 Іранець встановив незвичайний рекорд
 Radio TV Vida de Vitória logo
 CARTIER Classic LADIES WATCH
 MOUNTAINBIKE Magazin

---

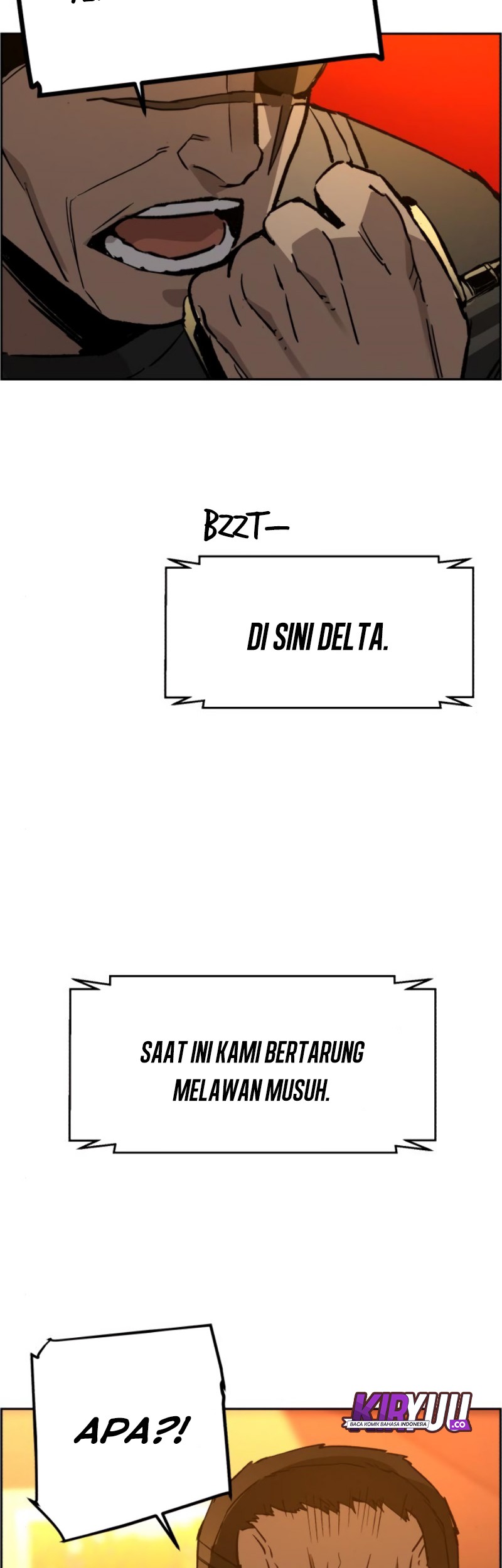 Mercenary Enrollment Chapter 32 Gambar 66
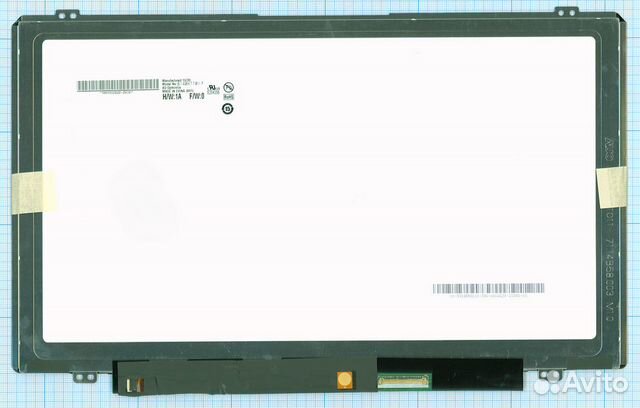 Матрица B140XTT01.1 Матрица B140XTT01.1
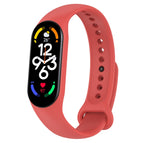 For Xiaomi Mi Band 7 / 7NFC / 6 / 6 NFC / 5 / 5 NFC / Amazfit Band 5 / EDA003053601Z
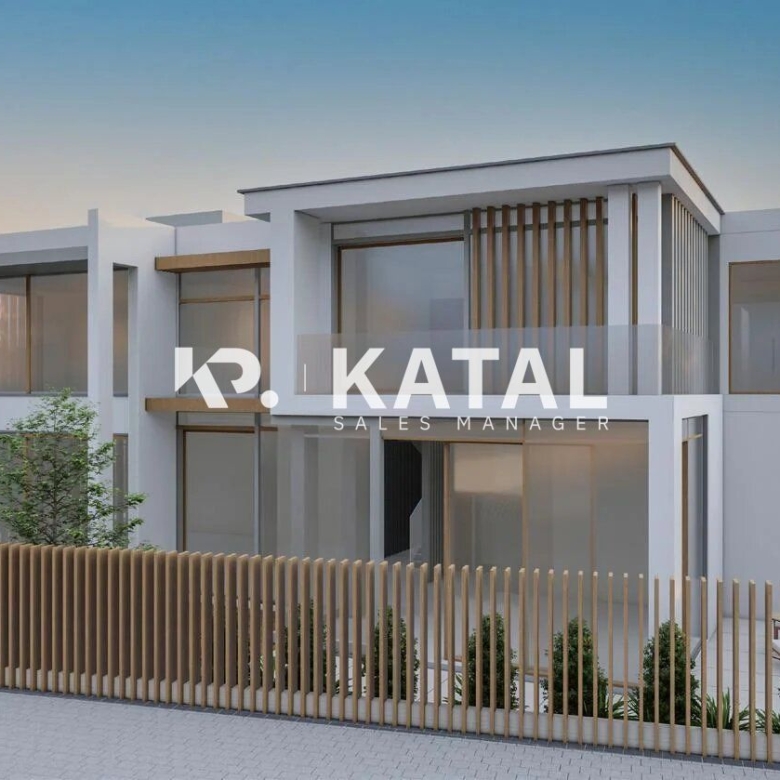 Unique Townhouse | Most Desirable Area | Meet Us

> What to do
What to print is the stretch of entries from the line with "Матрица B140XTT01.1 Матрица B140XTT01.1" up to and including the line with "Unique Townhouse |". Please print it exactly and leave out the pictures.

> Written solution
 Матрица B140XTT01.1 Матрица B140XTT01.1
 For Xiaomi Mi Band 7 / 7NFC / 6 / 6 NFC / 5 / 5 NFC / Amazfit Band 5 / EDA003053601Z
 Unique Townhouse | Most Desirable Area | Meet Us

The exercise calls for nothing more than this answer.